_TASK DESCRIPTION_. Please reproduce exactly the line that contains "گزارش تصویری از" and every line after it through the end of the records below, adding nothing else.

_PROVIDED RECORDS_.
*** Block opens ***

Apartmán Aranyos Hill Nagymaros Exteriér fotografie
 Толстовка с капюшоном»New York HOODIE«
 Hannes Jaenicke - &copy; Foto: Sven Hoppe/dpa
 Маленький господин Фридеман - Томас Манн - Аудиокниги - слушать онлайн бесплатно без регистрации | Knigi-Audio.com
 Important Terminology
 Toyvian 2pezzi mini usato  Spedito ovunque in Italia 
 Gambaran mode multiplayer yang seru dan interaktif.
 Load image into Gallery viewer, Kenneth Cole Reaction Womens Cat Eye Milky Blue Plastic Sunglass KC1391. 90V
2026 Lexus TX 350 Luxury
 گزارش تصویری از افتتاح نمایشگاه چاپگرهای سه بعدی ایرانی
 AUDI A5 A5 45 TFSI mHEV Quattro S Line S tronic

*** Block closes ***

_TASK RESULT_.
 گزارش تصویری از افتتاح نمایشگاه چاپگرهای سه بعدی ایرانی
 AUDI A5 A5 45 TFSI mHEV Quattro S Line S tronic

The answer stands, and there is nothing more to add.